— Assignment —
Copy each line below that has "Gray".

Source records:
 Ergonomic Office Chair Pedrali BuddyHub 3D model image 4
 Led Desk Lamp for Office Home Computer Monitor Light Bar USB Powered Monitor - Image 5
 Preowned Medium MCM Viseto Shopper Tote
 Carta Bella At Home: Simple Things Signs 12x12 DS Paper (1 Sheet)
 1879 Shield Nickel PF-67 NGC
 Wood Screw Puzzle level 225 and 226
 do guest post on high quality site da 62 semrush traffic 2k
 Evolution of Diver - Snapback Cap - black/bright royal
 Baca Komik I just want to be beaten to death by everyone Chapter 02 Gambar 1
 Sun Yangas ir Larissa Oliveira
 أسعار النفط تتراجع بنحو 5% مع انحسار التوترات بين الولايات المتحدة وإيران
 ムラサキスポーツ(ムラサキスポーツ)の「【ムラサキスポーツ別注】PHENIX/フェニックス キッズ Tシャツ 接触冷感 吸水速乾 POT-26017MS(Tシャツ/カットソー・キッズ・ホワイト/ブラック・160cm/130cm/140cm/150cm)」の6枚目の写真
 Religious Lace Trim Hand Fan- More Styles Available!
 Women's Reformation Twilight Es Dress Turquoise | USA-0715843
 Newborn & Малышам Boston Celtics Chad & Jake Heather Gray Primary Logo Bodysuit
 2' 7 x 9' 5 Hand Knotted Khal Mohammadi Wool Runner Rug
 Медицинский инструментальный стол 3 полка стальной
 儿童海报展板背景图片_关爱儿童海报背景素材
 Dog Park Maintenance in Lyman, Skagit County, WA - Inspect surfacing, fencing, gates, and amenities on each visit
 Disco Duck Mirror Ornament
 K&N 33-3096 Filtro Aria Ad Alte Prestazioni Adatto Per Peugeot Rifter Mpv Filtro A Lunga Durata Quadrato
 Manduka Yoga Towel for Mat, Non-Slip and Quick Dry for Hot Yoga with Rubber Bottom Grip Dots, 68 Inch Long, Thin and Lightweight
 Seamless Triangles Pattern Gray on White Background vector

— Your response —
 Newborn & Малышам Boston Celtics Chad & Jake Heather Gray Primary Logo Bodysuit
 Seamless Triangles Pattern Gray on White Background vector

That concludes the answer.